The dealership service department has often been considered a “man’s world,” but women have been breaking that stereotype in increasing numbers. Two women from the McGovern Auto Group, which has locations in Massachusetts, New York, and New Hampshire, shared what drew them to their careers in the service department.
“Cars Don’t Talk Back”
Stephanie Hanlon wanted a job that matched her personality, so when she applied for a dealership position, she knew she wanted to be working with the vehicles.
“I’m not very good with people one-on-one, so cars were more of my thing,” she says. “They don’t’ talk back.”
Hanlon started with her sister as express technicians (responsible for changing oil, rotating tires, routine maintenance, etc.). Now 10 years later, she is a partial manager at Toyota of Nashua, helping to oversee the express department and supporting the senior manager. Soon she hopes to be in management full-time.
Customer-facing positions do not interest Hanlon.
“We are the man behind the curtain. [People in sales] always have to have a smile on their face while we’re in the back screaming our heads off because a nut won’t come off,” she said. “I’m by myself. I can put my music on. I can get my jobs done and have no issues.”
Hanlon works four days a week, which is full-time in her department and provides her with an income that more than supports her lifestyle. She said it’s common for technicians at her store to work even three days a week.
She busts the myth that the job has physical requirements: “I’m five-foot-nothing and weigh 120 pounds. If I can do it, other women can, too.”

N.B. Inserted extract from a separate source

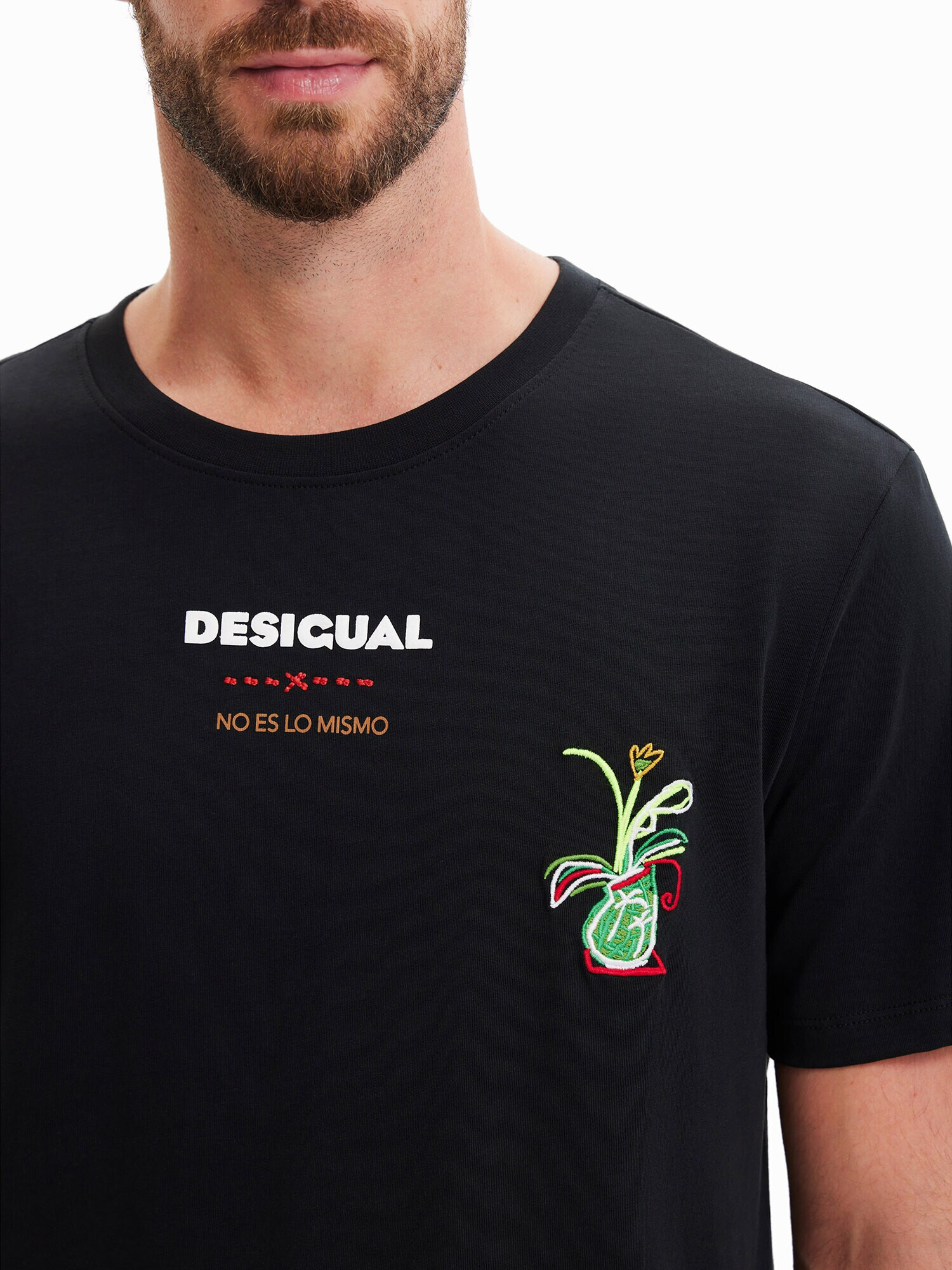 Desigual Tricou verde / negru / alb murdar - Pled.ro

If you are self-motivated with tough skin, Hanlon says anyone can find a place and grow a career in the service department.
No Experience Necessary
Ten years ago, Shannon Gallant applied for a job as a porter at Toyota of Nashua. She could drive manual and had a little interest in cars, but no experience in automotive retail or working on vehicles.
Instead, the dealership offered to train her to become a technician.
“I thought they were crazy,” Gallant says. “I didn’t even know what an oil filter was. I was game for it, and it was really fun.”
Gallant learned from scratch, everything from putting the cars on lifts to performing oil changes. Management sent her to school to get certified in general maintenance, then offered her the opportunity to get more certifications to take on more complex repairs.
Instead, Gallant pivoted to a position as a service advisor. By this time, Gallant had been a technician for six years, and she was ready to work in a more customer-facing role.
In her current role, Gallant also spends time in the recruiting and community efforts of McGovern Auto Group. She especially enjoys helping educate young women and girls about the automotive industry.
“I didn’t think of automotive when I was growing up,” Gallant says. “Obviously I’m a girl, and I think that’s why. I loved how easy it was for me because school wasn’t easy for me.”
Now Gallant helps share that with the next generation. “Just because there are a lot of men in these jobs, doesn’t mean you can’t do it,” she tells them.